Она побурлила вокруг могучего дерева, — то обмывая, то пачкая его ствол… вздыбила несколько удивлённых волн… немножечко потрясла — топоча — земную твердь… и (кажется, улыбнувшись…)ушла. Ушла навсегда.
ПАРК
…Тихонько треснула, а треснув — упала сухая ветка… Трепетнулся лёгкий ветерок…
Я посмотрел наверх: небо высветлилось, посвежело; от утренних звёзд, отливавших бледным голубоватым серебром, доносилось ощущение улыбки… скользящих флейтовых нот… И было уютно от этого, и было от этого хорошо, спокойно.
Миша, покряхтывая и что-то бормоча, выбрался из кресла; направился к столику с термосом, на ходу оборачиваясь и поглядывая ласково на спящих с открытыми глазами студентов.
— Миша, что теперь?..
— Да ничего. Сейчас отправлю их домой, — пусть поваляются в постельках… до вечера. Ну, а с вечера у них начнётся совсем другое житьё-бытьё.
— Какое — «другое»?
— В них потеплеет, понимаешь? Они больше не смогут жить с оледеневшими угольками в сердце. Они будут отогреваться, — понемножечку, но всё больше и больше; отогреваться и — согревать других, тех, кто рядом. Главное было — расшевелить.
— Полагаешь, я угадал со сказкой?..
— Похоже, что так.
Миша налил себе чайку, сделал несколько малых глотков, поставил чашку, и — резко развернувшись — хлопнул в ладоши.
— По домам, малыши! По домам! Доброго пути!
Ночные мои посетители-гостеватели встали: одновременно, быстро, но — с мягкой (даже — нежной) плавностью движений; не говоря друг другу ни слова — направились к выходу из парка. Я смотрел им вслед и видел синие лучистые искорки, танцующие над их головами… по их плечам… по развороту твёрдо ступающих ног…

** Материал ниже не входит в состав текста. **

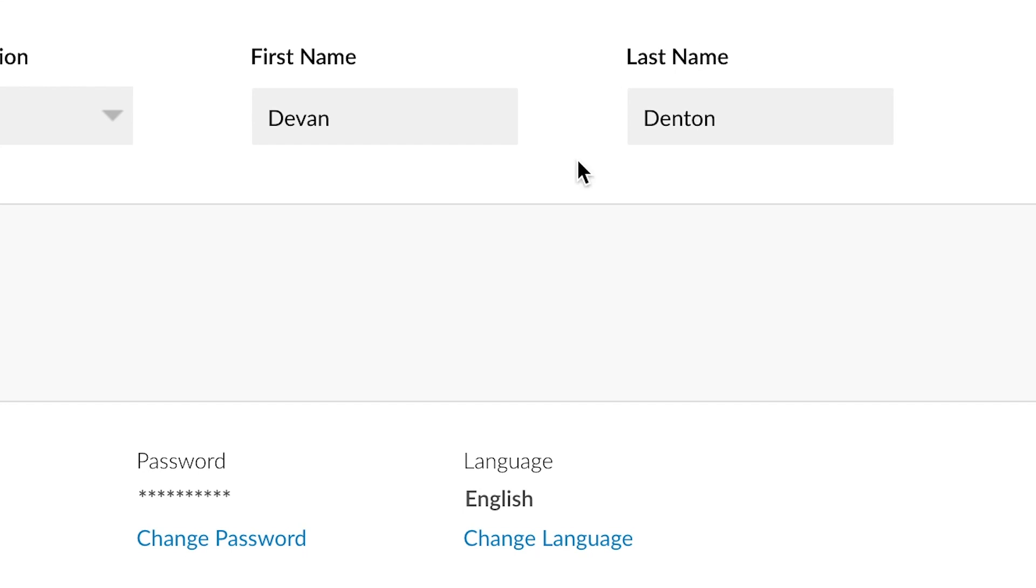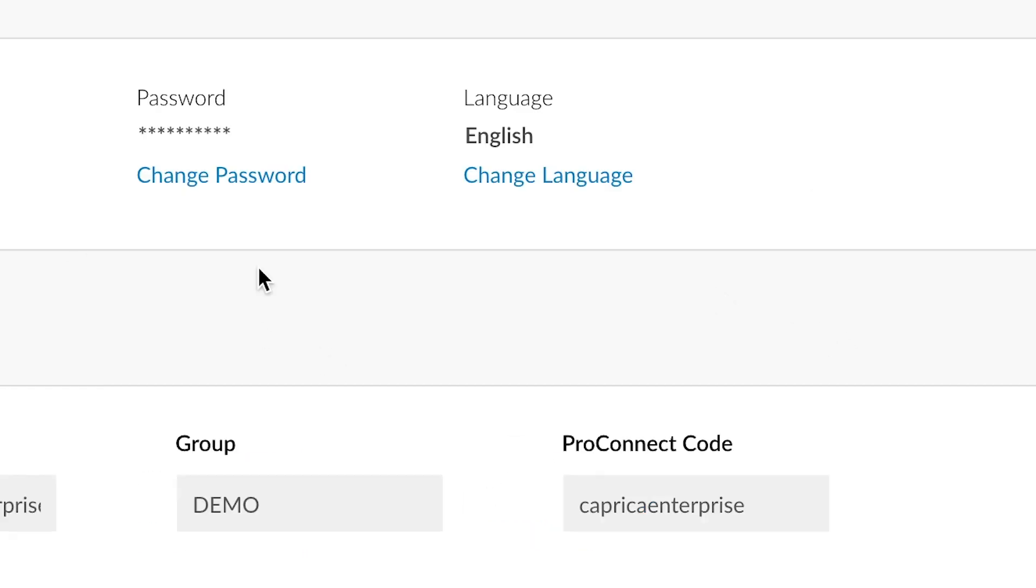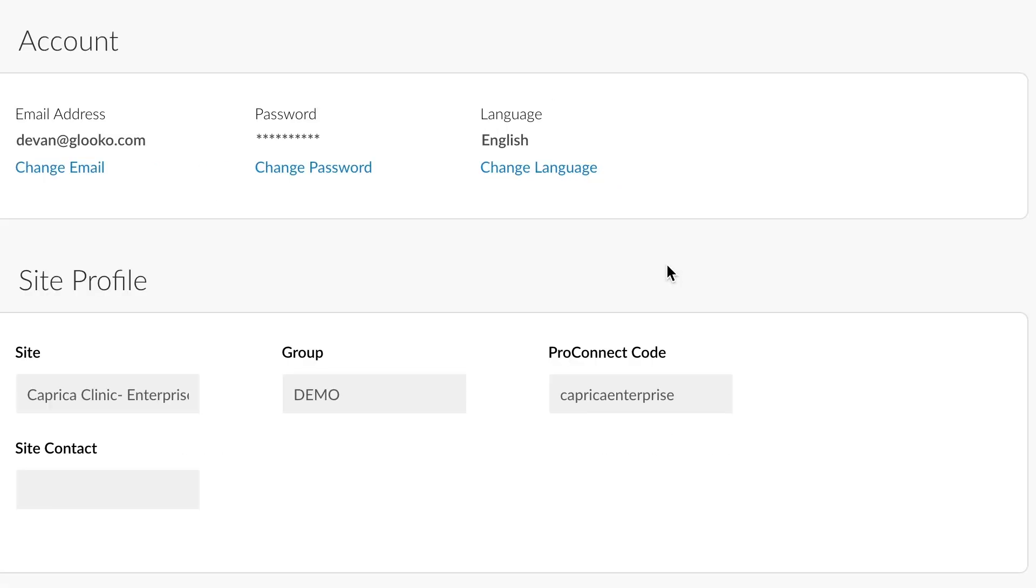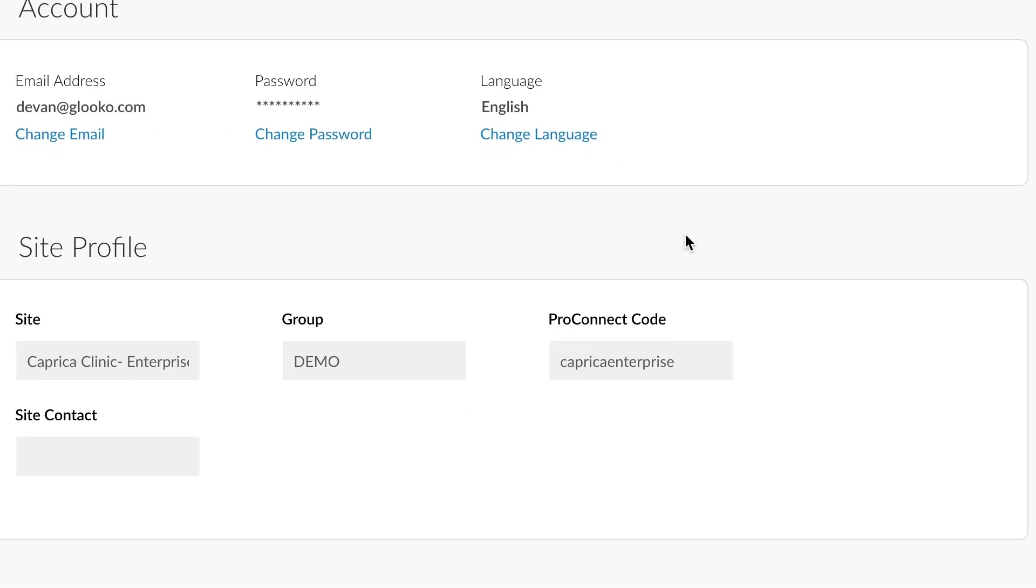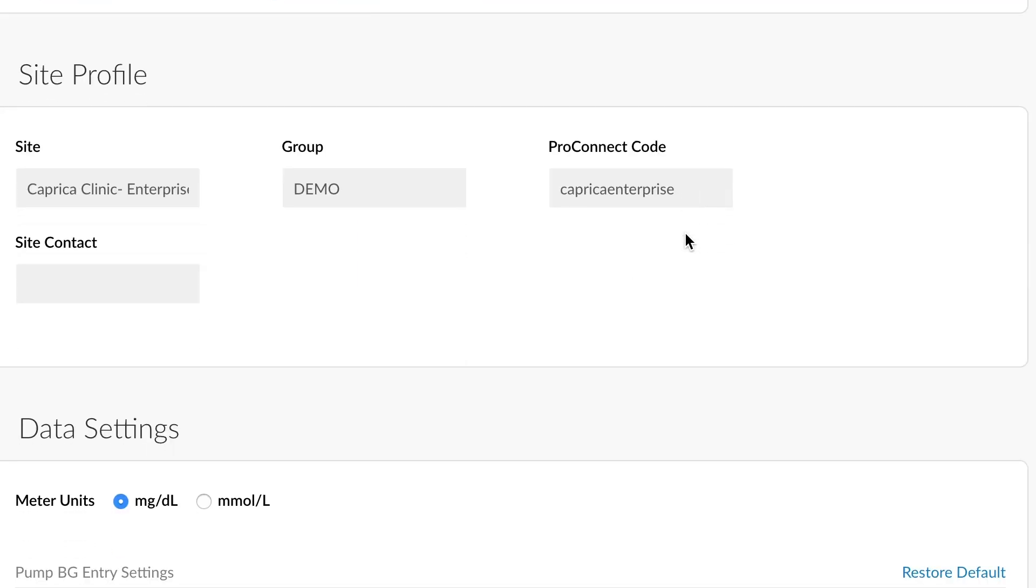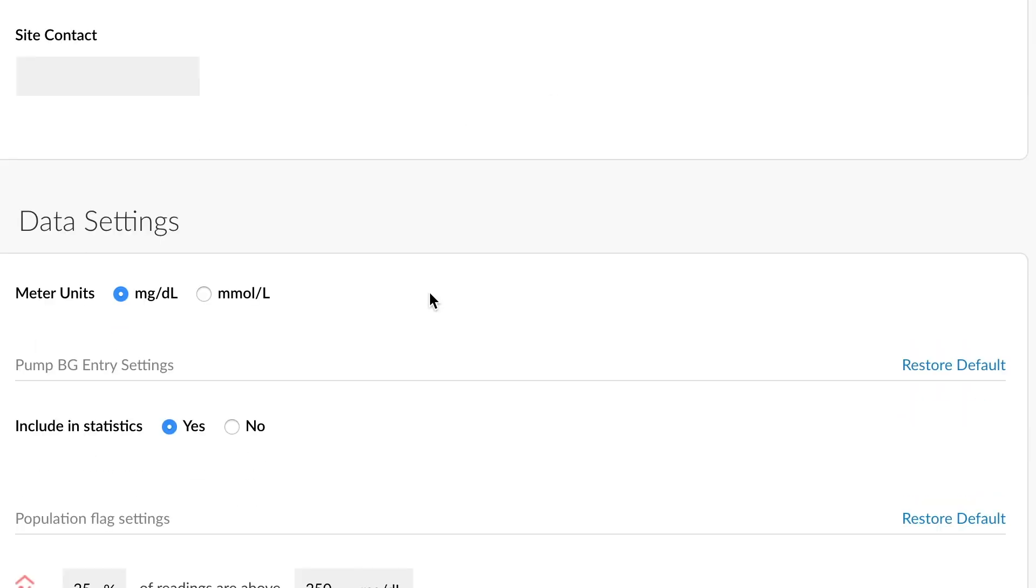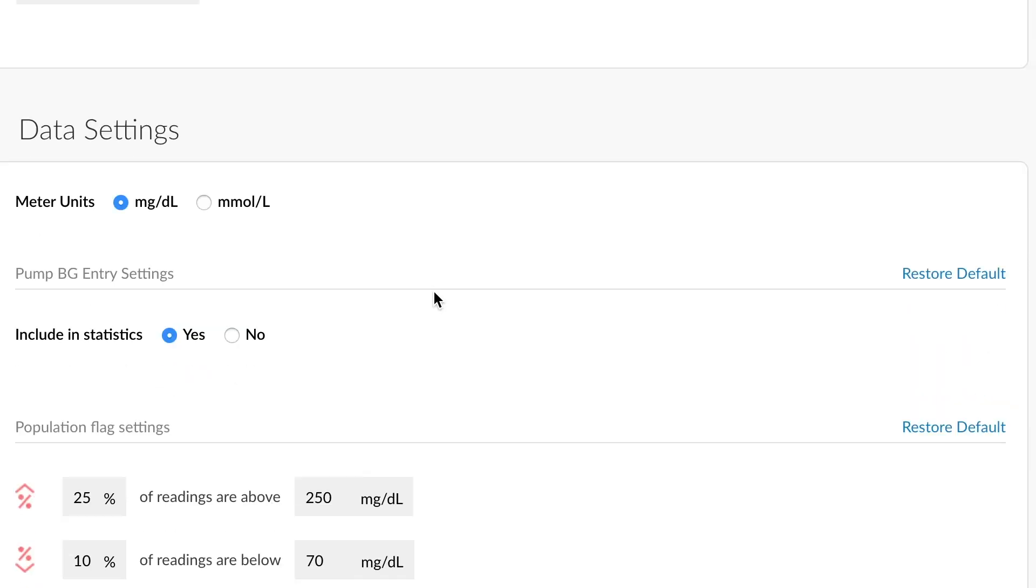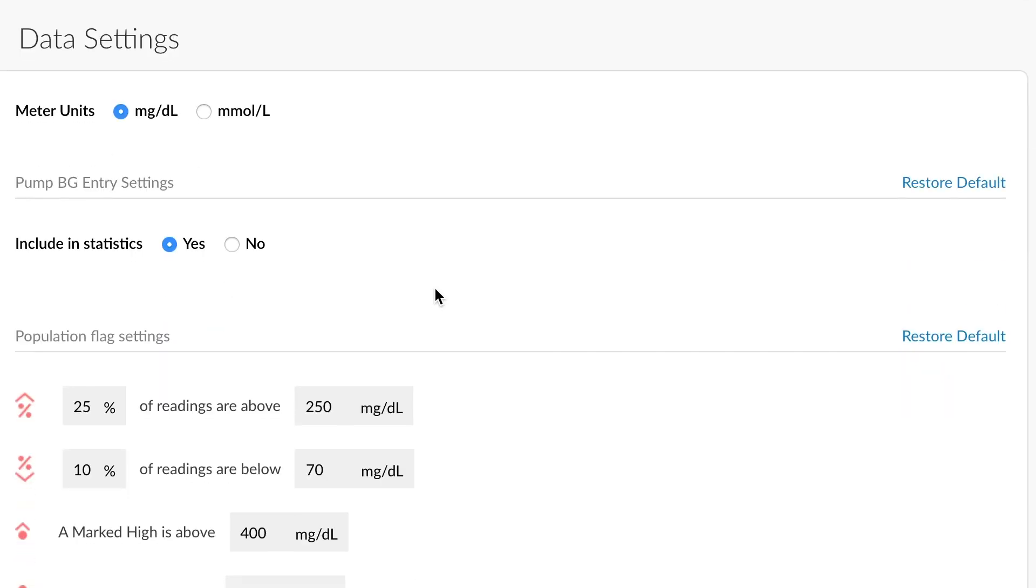Going to Settings will allow you to make changes to your profile. From my profile, I could change my designation, my first and my last name. I could even modify my login email address or change my password. Scrolling down further, there is some information displayed in the site profile, another place where you can find your ProConnect code or the name of your account.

— Эй, горюн-грустец, где здесь можно поспать?
— Ты хочешь спать в парке?
— Ага. Мне нравится это место: оно измученное, но — доброе, приимное…Небось, зашагивал уже? видел Старый Лес?
— Видел.
— Ты — умничка. Вот только затяжелел слишком, обмяк… Да ладно уж, ладно, — не будем об этом!
Миша обнял меня, вздохнул и стал вытряхивать из термоса остатки чая.
— Заварим свежий, а…?
— Конечно, заварим…С мятой?
— С мятой!
Пока я набирал воду и ставил котелок на угли, — Миша приникал-разговаривал с чаем и листочками мяты: шептал в них, держа в ладонях, легонечко дул. Через какое-то время — чаинки заблестели, став очень похожими на мелкую рыбью чешую. Миша бережно ссыпал их в термос.
Мы чаёвничали до семи утра, беседуя о недавних ветрах, о Старом Лесе, в пространство которого вели почти все парковые щёлочки-коридоры.
В семь часов, прихватив телогрейку и старенькое одеяло, я отвёл Мишу в заброшенное здание, метрах в двухстах от сторожимого мною кафе.
Место понравилось. Мы миновали горки мусора, листы фанеры, стайку линялых плакатов в одном из углов… отгородили лежбище от сквознячка, застелили одеялком…
— Ну что, доброго тебе сна, бродяга, не имеющий пенсии…
Миша захохотал.
— Спасибо, Севонька! Ночью увидимся; я здесь денька на три…Ты покушать принеси.
— Мог 8ы и не говорить…
— Ты картошечки, картошечки принеси, и — маслица, маслица подсолнечного! Ладно?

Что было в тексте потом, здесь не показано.